Within just minutes after being born, they say, babies can already recognize--and prefer to look at--the human face over any other image or pattern. It's burned into our psyches, I think. There's a phenomenon where even grown-up people think they see human faces in things like grilled cheese sandwiches or turtle bellies, or in the scorch marks on the surface of an electric iron. (Incidentally, if such an image is thought to be of a religious figure, this perception is known as a simulacrum. The more you know . . .) I, myself, once saw the image of [insert Name of Religious Figure here] under a viaduct near my house:
That's the viaduct. Now here's a close-up of the simulacrum:
Ha, ha, ha, ha, haaaaaa. I jest. But there's no question that we humans have an ability to group any set of random visual elements that vaguely resemble two eyes and a mouth together and perceive the grouping as a human face, a gestalt, if you like. So perhaps that's why full-frontal, face compositions crop up on book jackets from time to time. They quickly catch our eye. Here are a few I spotted recently:
Beyond the Mask by David Ward (Scholastic Canada, 2006), a YA fantasy. It takes less than a second to see the "face."

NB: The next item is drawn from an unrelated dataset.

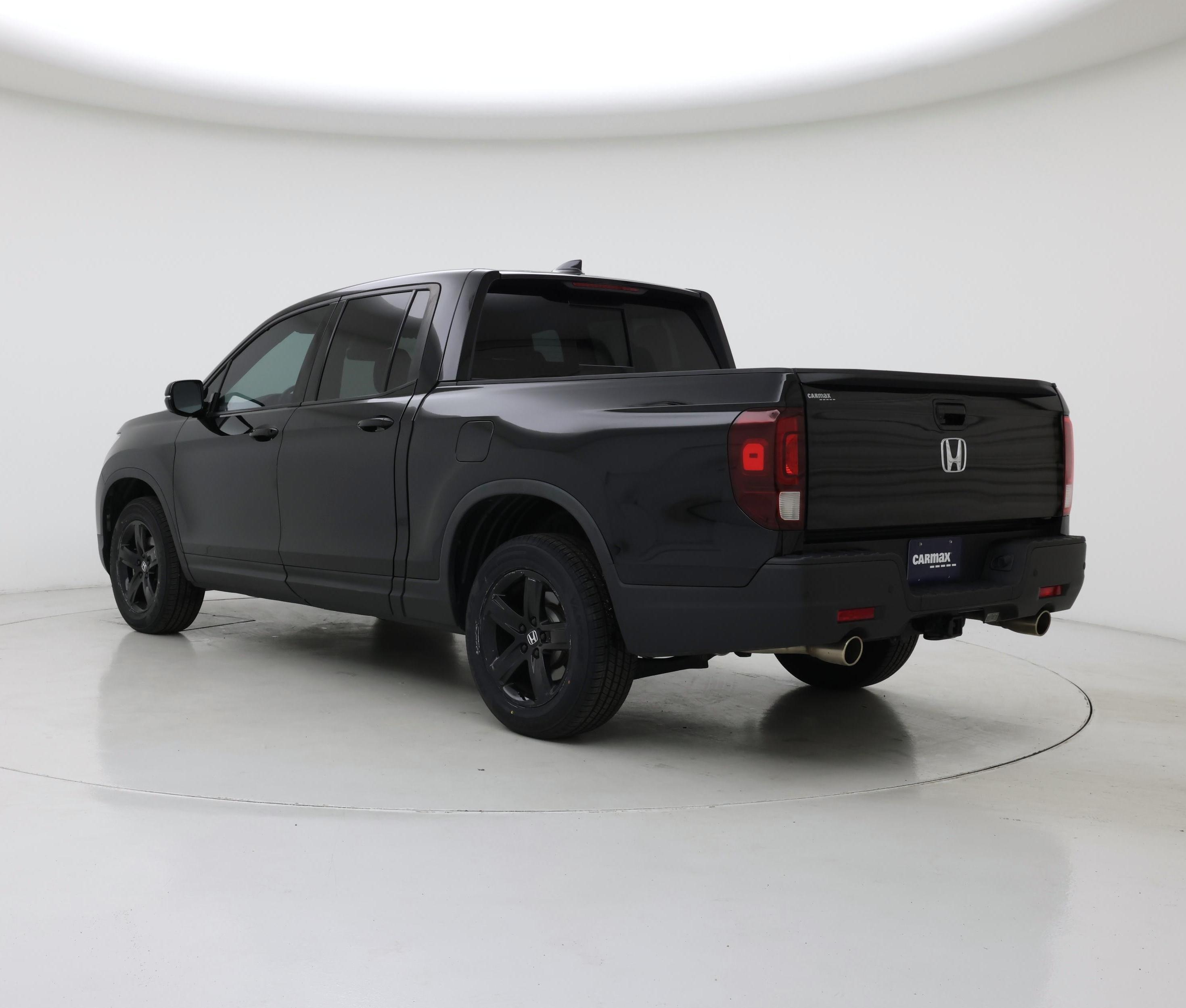 Thumbnail: 2023 Honda Ridgeline - 2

This one jumped out at me the other day. It's Betwixt by Tara Bray Smith (Little, Brown, 2007), a fantasy YA. An irresistible image with an attention-grabbing chartreuse cover.
And third, have you seen this next one yet?

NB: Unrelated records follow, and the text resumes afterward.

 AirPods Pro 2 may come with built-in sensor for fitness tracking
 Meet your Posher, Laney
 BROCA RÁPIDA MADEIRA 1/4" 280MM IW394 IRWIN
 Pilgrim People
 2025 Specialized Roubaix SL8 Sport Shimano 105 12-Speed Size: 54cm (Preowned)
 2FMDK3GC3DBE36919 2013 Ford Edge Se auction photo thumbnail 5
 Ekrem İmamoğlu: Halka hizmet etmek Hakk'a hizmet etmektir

This is Happyface, by Stephen Emond (Little, Brown, 2010) a novel told (mostly) in illustrations and journal entries. Impossible not to notice this if it's facing out on the shelf. I don't have it here in front of me, but if I remember correctly, the jacket covers only the bottom 2/3 of the book, which is off topic, but kinda cool.
What about you? Seen any fresh faces lately?